* SOURCE MATERIAL:

####################

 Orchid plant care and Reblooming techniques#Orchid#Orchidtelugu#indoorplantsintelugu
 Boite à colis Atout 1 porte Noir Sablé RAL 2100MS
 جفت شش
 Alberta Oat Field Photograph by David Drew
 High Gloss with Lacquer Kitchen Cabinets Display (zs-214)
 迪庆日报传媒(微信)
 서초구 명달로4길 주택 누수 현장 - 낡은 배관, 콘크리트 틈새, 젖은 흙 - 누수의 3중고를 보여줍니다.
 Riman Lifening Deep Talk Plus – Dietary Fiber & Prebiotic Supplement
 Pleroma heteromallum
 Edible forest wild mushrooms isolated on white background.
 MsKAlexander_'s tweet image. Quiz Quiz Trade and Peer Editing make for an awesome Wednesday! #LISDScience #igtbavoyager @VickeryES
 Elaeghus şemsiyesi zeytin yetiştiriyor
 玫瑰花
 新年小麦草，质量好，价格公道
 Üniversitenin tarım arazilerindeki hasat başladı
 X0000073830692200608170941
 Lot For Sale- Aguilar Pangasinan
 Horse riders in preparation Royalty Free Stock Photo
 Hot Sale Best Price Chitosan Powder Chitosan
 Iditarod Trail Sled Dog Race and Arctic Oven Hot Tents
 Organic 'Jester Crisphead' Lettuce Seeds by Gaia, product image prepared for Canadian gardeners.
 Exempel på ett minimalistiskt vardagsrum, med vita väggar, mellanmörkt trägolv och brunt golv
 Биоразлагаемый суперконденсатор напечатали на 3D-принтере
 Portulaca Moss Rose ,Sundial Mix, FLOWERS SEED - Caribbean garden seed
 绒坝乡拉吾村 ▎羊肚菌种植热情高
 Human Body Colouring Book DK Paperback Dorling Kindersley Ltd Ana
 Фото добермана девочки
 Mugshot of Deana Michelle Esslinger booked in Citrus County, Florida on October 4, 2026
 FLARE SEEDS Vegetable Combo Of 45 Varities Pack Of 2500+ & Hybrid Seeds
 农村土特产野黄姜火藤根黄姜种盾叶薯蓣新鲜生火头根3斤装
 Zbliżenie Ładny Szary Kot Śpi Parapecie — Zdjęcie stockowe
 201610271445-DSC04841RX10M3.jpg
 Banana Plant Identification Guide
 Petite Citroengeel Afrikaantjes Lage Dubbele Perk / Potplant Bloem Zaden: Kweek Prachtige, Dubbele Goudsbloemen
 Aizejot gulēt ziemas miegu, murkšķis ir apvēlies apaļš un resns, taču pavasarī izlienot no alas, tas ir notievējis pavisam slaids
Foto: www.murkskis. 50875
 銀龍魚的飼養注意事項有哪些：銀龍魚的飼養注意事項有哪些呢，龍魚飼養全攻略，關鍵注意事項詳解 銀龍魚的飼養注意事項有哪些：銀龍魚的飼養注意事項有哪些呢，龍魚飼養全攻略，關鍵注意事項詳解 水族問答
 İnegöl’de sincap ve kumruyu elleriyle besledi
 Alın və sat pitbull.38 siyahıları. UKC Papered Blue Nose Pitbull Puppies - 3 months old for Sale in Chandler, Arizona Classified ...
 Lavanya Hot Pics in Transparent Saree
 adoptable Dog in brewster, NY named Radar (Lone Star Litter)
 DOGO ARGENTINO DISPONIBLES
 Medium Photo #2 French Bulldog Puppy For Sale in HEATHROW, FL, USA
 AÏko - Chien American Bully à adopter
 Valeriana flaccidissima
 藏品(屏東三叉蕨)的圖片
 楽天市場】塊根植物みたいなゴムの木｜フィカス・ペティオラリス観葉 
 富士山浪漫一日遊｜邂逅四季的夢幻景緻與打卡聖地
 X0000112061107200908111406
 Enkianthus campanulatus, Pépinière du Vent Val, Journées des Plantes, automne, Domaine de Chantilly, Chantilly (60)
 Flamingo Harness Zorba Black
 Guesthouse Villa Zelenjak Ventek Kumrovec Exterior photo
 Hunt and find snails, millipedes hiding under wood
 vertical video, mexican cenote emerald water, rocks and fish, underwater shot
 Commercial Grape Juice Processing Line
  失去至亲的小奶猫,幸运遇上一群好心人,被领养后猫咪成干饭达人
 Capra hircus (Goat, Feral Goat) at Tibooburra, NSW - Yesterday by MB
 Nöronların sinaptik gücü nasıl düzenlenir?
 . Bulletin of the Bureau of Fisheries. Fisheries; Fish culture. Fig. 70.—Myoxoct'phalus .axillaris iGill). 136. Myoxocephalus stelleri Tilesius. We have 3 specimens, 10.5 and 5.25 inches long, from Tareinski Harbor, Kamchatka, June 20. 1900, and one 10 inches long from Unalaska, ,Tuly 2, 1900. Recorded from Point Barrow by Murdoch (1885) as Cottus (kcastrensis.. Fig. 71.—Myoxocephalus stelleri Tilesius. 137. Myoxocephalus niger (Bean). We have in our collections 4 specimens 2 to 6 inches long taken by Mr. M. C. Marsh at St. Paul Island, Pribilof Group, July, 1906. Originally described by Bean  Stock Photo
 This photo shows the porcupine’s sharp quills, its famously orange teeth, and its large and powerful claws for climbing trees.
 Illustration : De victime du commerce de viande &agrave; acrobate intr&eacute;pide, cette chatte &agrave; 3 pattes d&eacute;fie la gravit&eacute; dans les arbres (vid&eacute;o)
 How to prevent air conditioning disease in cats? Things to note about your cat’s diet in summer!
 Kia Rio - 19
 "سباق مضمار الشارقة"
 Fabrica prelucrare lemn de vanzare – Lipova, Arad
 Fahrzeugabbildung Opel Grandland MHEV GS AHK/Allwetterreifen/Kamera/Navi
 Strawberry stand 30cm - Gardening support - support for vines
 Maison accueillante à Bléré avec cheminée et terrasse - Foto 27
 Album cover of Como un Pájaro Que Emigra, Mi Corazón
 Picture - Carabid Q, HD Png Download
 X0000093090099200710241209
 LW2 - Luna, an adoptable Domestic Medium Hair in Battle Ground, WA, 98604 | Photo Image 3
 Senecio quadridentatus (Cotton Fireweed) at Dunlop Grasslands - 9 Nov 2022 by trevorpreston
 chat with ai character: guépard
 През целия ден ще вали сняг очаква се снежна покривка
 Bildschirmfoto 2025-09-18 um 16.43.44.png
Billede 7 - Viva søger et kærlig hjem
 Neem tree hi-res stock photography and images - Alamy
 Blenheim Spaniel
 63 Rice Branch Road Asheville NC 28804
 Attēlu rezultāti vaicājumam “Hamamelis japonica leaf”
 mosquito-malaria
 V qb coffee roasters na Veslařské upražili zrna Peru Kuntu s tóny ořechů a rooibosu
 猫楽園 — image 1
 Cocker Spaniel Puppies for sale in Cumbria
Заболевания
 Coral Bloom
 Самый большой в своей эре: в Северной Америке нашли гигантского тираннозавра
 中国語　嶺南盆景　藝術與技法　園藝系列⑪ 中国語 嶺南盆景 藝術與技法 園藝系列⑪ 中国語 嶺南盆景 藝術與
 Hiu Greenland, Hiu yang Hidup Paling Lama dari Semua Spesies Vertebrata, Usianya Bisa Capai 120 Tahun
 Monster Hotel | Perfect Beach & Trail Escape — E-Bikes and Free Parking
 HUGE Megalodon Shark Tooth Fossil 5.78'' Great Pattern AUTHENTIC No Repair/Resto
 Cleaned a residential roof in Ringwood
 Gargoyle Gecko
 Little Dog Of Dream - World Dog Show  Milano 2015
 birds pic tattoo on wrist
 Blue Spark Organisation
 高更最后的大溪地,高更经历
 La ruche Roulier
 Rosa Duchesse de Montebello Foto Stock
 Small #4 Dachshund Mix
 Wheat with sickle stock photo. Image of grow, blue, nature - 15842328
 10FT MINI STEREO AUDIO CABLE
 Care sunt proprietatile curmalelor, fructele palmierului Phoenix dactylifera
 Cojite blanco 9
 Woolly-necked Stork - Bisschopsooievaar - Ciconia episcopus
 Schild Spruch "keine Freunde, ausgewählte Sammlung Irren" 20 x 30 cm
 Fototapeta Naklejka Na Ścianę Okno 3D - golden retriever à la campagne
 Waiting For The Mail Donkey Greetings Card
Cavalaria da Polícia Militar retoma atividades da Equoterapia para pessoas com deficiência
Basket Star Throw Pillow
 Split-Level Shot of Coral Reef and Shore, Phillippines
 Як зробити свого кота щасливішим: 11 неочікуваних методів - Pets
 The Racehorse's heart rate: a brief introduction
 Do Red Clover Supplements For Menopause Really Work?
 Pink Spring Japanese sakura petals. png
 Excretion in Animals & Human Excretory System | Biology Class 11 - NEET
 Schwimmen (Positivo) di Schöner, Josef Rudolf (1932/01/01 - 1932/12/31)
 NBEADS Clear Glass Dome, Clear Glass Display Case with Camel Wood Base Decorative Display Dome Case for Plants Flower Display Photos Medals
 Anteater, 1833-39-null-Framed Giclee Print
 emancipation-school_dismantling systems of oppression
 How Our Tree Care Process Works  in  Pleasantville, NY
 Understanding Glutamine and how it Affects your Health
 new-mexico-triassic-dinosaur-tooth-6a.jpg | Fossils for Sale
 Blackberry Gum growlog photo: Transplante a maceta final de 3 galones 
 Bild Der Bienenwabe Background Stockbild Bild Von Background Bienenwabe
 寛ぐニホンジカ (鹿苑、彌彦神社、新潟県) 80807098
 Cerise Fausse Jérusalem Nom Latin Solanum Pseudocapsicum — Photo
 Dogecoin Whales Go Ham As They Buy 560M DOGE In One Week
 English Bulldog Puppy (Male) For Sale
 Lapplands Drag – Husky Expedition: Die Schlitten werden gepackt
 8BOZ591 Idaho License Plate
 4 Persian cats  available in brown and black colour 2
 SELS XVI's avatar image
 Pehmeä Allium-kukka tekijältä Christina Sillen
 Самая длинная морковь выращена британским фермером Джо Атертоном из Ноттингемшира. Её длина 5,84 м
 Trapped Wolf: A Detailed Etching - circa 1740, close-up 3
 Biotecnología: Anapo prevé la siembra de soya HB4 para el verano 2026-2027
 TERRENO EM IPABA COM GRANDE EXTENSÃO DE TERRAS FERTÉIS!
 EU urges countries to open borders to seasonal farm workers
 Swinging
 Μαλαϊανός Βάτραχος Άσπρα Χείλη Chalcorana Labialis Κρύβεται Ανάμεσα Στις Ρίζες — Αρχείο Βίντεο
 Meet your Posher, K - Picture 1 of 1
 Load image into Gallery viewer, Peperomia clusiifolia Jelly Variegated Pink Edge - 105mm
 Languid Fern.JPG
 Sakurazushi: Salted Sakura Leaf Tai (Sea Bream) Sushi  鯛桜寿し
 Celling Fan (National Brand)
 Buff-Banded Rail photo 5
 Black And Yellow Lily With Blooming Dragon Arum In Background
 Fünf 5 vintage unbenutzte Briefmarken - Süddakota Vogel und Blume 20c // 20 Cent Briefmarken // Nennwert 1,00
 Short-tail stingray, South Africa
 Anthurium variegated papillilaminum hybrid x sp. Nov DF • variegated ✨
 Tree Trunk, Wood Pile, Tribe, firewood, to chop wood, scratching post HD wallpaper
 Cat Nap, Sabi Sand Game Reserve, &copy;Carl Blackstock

####################

* REQUIRED ACTION: Copy the lines from the start of the data verbatim, stopping after the line containing "서초구 명달로4길 주택".

* EXERCISE ANSWER:
 Orchid plant care and Reblooming techniques#Orchid#Orchidtelugu#indoorplantsintelugu
 Boite à colis Atout 1 porte Noir Sablé RAL 2100MS
 جفت شش
 Alberta Oat Field Photograph by David Drew
 High Gloss with Lacquer Kitchen Cabinets Display (zs-214)
 迪庆日报传媒(微信)
 서초구 명달로4길 주택 누수 현장 - 낡은 배관, 콘크리트 틈새, 젖은 흙 - 누수의 3중고를 보여줍니다.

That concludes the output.